Git won the war for some reason and it might just be because the services surrounding it were superior (i.e. Github vs Bitbucket). I don't believe it's because of it being a superior technology or user experience however.

Of course, you can still use Mercurial today but you'll feel like a second-class citizen if you do.


Native windows / mac app development, even well funded company like Slack / Discord want to save development cost by sacrificing battery life / performance of the user's computer.


Native desktop apps.


Less messy computer designs. Computers with RS-232. The old IBM PC Model F keyboard (even with unlimited rollover). The .DVI (device independent) file format for printing. GOTO and GOSUB commands in programming languages. Unencrypted analog television. The PC BIOS (UEFI is terrible). BASIC and/or Forth in ROM.


Borland Delphi. It was a really amazing way to create Windows programs without worrying about vcredist, etc.

Super small exe files that just run on any windows platform from Win xp to Windows 10(?).

Also ready made components for almost everything on torry.net!


As a teenager I tried Delphi 6 after programming in Visual Basic (DOS and Windows). I already knew Pascal and wanted to try it out.

My reaction after building the executable: wait, is that just one file? Do you mean I don't have to worry about all the crap with VBRUN432.DLL and all the other files that made my program not look cool?

The executables were already small, and I used ASPack to compress them even further. I coded fun utilities like file patchers, and some interesting network programs.

I couldn't get back to it a few years later because there was this Embarcadero thing that I felt got in the way.


John Backus's FL: https://www.youtube.com/watch?v=FxcT4vK01-w

IBM research really should release the FL compiler they wrote! They stopped working on it in the early 90s, and haven't said a single thing about it since.

There is the beginnings of a Haskell implementation that I tried to mess with a bit, but I don't know enough Haskell to get anywhere: https://github.com/jgrimes/fl-hs


Rumour has it that J language could be a good successor to FL? But trying to learnin an APL dialect after I just finished learning Golang is ... tricky to say the least :)


Cross platform application development, aka Rich Internet Application (RIA): Adobe AIR, MS Silverlight, JavaFX.

Some of these continue to exist but seem to lack adoption and/or prominent support.


Can you elaborate on this a little bit, I'm curious as to what you miss about them


Portable efficient application development that is higher level than C and without the bloat and unnecessary abstraction of Electron.
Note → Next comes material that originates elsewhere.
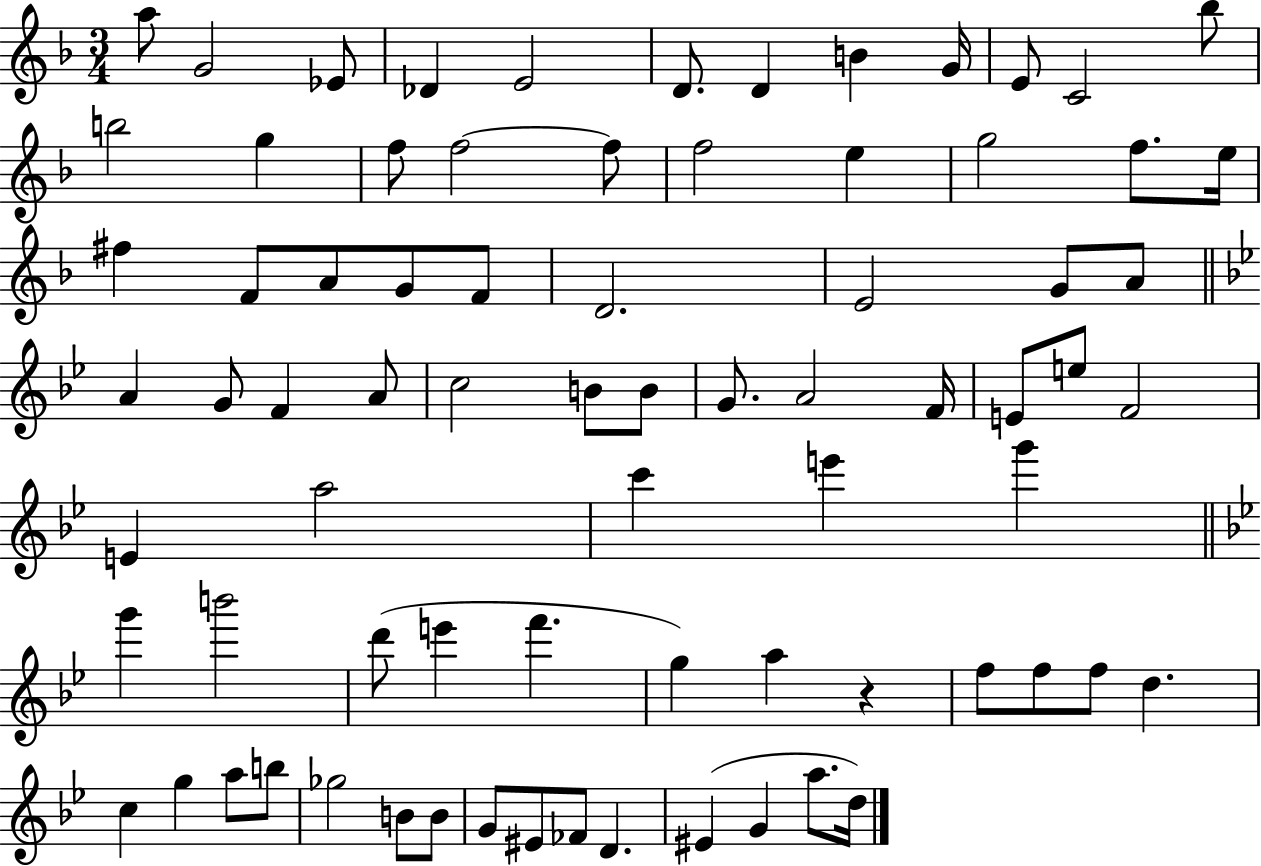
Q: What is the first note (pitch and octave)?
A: A5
Also a distribution model that isn't dependent on a third party's app store.


Would a Java app, suit your circumstances?
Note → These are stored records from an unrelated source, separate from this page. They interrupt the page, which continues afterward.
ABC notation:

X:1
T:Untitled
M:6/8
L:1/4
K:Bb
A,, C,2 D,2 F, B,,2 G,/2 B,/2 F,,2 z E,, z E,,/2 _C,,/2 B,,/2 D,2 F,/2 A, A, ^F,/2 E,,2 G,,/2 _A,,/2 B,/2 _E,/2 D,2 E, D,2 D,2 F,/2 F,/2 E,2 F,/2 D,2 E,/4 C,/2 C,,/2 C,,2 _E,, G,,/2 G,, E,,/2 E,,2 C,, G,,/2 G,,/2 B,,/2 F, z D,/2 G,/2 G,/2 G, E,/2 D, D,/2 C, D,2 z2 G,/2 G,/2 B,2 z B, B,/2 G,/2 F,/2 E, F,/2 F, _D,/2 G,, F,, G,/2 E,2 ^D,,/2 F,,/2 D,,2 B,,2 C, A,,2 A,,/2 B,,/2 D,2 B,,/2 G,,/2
Close, but there's no distribution since WebStart was killed off (rightly so it had unending vulnerabilities).


> (rightly so it had unending vulnerabilities)

That's exactly why those technologies died off. Flash and Java have massive security issues that neither Adobe nor Oracle are capable of fixing.

That said, you should be pretty happy about WASM then.


Can't you do nearly all of this with modern JavaScript?


HotJava Browser with the idea of being able to efficiently run sandboxed code.

There was briefly a thought that Chrome might bundle DartVM but the Dart v1 in the browser effort was a failure.


Plan 9 OS, if only so that the wider Unix/Linux culture would have been knocked out of the trance that TUIs in Terminal Emulators are the pinnacle.


RSS

and

xmpp


I got here through a RSS link. Would still use XMPP if it there were other users on it.


RSS still seems to be alive in the podcasting world :-)


Has anyone said Visual Basic 6 yet? It was a pretty nice language and the ui design tools were really nice and intuitive.


My first language! Learned in 2001? Especially the form-builder was really nice!

Later on (2006-maybe?) I preffered writing in java, i.e. generics and for-each and checked-exceptions were awesome in my opinion, I think I solved like half of my programming problems by just importing TreeMap :D , but I still missed the VB6 form-builder :)


Google Inbox, Gmail is still not there.


Programming language in firmware.


Lotus Improv. Closest today are Quantrix and maybe Airtable.